- **Action item**
Report back each line of the data that contains the word "Nike".

[Data entries]
= = = =

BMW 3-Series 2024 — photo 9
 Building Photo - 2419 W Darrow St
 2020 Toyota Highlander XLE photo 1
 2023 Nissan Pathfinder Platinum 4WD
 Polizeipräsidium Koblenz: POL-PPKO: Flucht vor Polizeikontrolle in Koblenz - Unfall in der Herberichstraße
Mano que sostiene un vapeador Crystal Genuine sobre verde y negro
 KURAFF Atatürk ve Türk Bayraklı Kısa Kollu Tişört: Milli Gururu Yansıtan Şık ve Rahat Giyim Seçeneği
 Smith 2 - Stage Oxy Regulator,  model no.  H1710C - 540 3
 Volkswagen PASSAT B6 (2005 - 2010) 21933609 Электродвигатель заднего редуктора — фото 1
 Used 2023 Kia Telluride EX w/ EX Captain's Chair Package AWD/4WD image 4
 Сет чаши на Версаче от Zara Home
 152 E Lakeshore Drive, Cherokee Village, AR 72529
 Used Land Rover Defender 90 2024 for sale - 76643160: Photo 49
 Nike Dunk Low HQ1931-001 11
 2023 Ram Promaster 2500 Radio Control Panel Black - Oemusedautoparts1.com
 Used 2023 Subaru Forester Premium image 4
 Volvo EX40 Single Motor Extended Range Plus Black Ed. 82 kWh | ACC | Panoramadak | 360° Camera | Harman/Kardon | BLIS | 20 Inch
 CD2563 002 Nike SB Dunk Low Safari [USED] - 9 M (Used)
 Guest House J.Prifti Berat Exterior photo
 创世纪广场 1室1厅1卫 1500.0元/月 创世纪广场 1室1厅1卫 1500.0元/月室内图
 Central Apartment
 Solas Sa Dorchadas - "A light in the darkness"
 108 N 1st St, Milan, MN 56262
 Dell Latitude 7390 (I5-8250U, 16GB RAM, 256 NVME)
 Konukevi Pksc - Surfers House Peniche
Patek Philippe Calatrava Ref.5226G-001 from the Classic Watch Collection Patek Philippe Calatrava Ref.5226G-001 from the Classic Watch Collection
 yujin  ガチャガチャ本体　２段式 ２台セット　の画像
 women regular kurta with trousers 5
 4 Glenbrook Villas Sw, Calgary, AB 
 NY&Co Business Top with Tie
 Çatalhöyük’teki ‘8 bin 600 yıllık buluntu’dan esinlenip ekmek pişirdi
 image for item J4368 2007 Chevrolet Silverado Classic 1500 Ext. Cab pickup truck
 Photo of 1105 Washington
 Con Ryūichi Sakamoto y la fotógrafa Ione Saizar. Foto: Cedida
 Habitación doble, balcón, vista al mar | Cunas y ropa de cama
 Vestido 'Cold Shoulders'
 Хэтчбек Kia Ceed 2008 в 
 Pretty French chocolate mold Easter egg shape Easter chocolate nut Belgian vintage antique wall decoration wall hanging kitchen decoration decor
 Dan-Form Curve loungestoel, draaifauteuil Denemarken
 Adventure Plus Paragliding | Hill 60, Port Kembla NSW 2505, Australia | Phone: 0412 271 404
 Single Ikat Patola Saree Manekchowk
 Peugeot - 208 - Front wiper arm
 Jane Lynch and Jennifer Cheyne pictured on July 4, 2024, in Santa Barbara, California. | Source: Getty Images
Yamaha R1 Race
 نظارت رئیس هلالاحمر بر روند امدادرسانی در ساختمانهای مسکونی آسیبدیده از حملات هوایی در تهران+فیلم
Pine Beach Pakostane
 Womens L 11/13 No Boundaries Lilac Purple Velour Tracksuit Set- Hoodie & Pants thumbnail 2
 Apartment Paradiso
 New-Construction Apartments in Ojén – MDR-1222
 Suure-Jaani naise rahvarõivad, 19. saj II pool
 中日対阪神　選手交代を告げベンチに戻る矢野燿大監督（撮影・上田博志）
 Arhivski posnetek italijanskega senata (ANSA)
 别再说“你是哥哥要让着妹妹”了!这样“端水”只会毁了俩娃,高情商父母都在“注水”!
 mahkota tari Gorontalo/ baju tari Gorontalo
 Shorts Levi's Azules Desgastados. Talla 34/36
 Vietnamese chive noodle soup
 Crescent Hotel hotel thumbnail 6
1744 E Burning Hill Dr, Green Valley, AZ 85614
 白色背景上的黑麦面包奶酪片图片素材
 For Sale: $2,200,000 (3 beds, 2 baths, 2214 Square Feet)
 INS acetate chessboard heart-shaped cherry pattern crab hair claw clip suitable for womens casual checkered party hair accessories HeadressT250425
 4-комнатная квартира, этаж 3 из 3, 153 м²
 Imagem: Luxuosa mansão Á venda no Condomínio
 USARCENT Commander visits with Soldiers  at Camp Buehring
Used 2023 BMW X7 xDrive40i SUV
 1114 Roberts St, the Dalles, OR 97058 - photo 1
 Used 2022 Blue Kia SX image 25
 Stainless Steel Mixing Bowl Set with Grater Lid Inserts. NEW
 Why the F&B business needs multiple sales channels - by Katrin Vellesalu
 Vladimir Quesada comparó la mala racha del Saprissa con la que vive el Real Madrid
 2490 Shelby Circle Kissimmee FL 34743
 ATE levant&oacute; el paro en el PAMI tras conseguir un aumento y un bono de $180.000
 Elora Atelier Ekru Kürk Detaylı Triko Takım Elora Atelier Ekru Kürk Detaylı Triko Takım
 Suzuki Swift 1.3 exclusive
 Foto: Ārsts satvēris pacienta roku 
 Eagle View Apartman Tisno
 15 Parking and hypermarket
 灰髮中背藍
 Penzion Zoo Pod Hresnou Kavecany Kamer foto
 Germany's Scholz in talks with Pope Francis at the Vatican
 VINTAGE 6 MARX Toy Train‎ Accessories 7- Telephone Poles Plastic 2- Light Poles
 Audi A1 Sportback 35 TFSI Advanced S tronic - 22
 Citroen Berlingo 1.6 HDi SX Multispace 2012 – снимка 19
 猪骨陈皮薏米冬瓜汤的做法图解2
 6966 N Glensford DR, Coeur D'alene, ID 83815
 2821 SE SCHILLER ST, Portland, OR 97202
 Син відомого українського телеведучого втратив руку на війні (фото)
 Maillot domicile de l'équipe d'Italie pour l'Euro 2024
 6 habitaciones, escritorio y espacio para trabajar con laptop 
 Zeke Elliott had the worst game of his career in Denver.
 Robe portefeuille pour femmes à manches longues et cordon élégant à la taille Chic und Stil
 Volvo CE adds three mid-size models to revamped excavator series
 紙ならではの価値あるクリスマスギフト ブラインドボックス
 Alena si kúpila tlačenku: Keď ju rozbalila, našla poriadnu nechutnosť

= = = =

- **Solution for this exercise**
 Nike Dunk Low HQ1931-001 11
 CD2563 002 Nike SB Dunk Low Safari [USED] - 9 M (Used)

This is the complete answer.